Automatically List and Install Perl Modules

requirements.pl

Automatically List and Install Perl Modules

Abstract

We have ye olde Perl code (in ye olde mess) and we need to get it running on some or other environment, this requires installing the modules that are used by the scripts. (See what I did there?)

Introduction

In Python - a programming language that sacrifices speed for readability - we'd normally list the modules in requirements.txt and simply go pip install -r requirements.txt. In so doing, although we avoid the booby trap of using a YAML file, we still need to make the list of modules used.

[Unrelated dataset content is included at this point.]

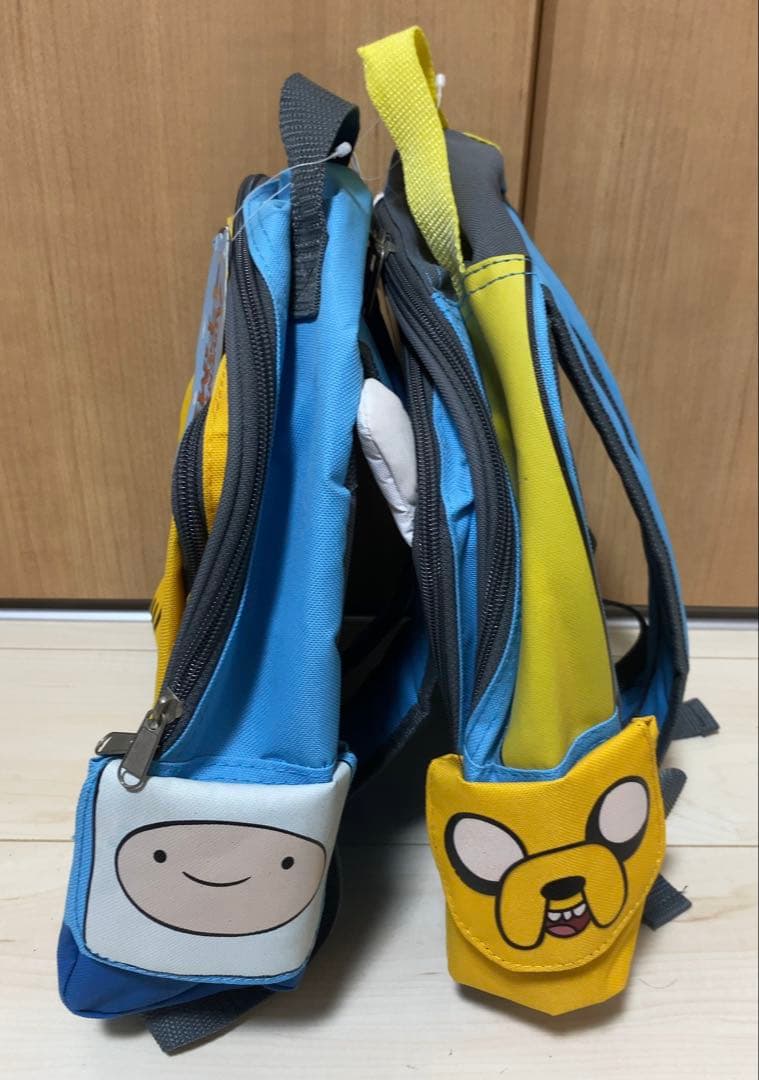 アドベンチャータイム グッズ まとめ売り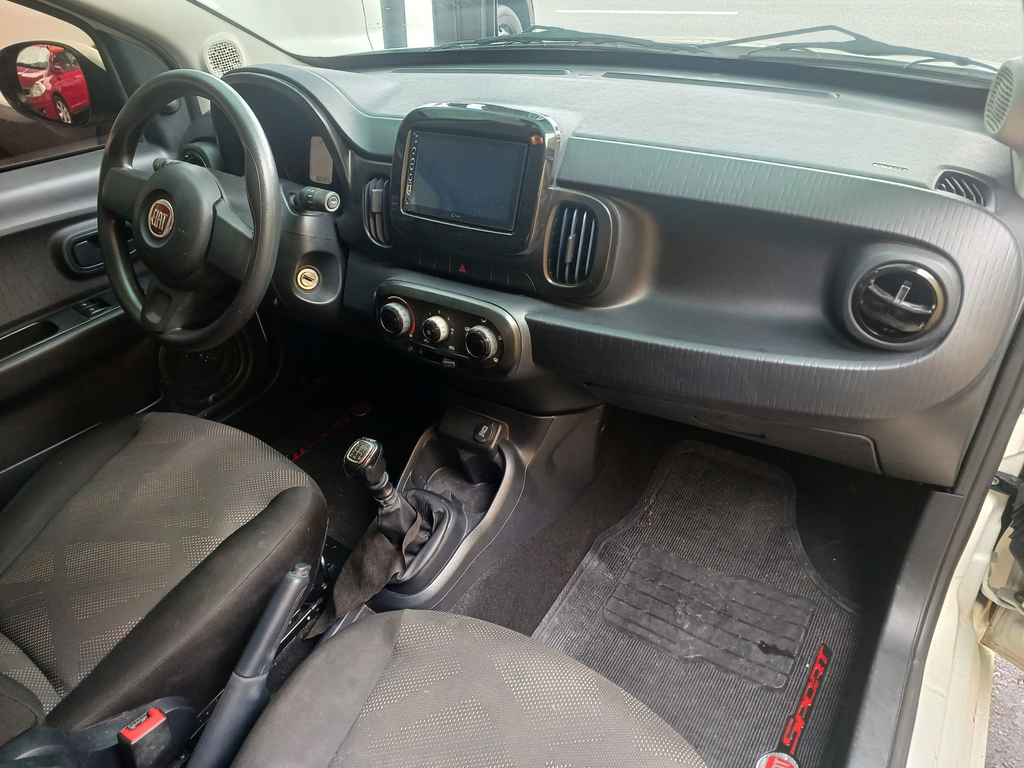 carro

In node.js we could use npm and end up completely insane.

So let us proceed to innovatively brain storm some sane, automated way of getting the perl modules installed...

Methods

We could just run the scripts and install the modules one by one as the interpreter complains about them: nah - not automated.

We could search the internet for previously used examples or perl modules that do the job for us: nah - I'm GenX.

We could write a Perl script that scans the Perl scripts and installs the modules that they use!

Results

#!/usr/bin/perl
use strict;
use warnings;

use File::Find;
use CPAN;


sub get_modules_in_files {

    my %modules;

    foreach (@_) {
        my @file_modules;
        open my $fh, '<:encoding(UTF-8)', $_ or next;
        while (my $line = <$fh>) {
            push @file_modules, $1 if ($line =~ /^use ([\w|:]+)[ |;]/);
        }

        foreach (@file_modules) {
            $modules{$_}++;
        }
    }

    return keys %modules
}


sub get_all_files {

    my ($dir) = @_;
    my @files;

    find(sub { push @files, $File::Find::name if ($File::Find::name =~ /.+\.p[l|m]$/) }, $dir);
    print "\nLocated Perl files:\n";
    print "$_\n" for @files;

    return @files
}

my $dir = shift;
my $scan = shift;
if ($dir eq 'scan') {
    $dir = '.';
    $scan = 'scan';
}

$dir = '.' unless defined($dir);
my @modules = get_modules_in_files(get_all_files($dir));

print "\nModules used:\n";
print "$_\n" for @modules;

print "\nChecking modules:\n";
foreach (@modules) {
    eval "use $_";
    if ($@ and $@) {
        print "Need to install: $_\n";
        CPAN->install("$_") unless ($scan eq 'scan');
    } else {
        print "Found and skipping: $_\n";
    }
}
perl requirements.pl [dir] [scan]

dir is the directory to (recursively) scan, will use . if ommitted.
scan will only scan for modules and not attempt to install them.

Discussion

I ran into a few hassles between different versions of Perl and some modules not being compatible with a later version - hence the scan option for when a module bombs on installation and there's a river of text in the terminal leaving me in the dark as to what the modules required and their statuses are.

Another issue is the need to explicitly dereference hashes in later (5.3x) versions of Perl (as opposed to, say v5.18).

It'd be an improvement to use CPAN Minus.

CPAN and File::Find seem to come packaged with Perl, at least on Linux.

Conclusion

This was the remaining step from my previous blog post Old School LAMP on Old School VM Setup.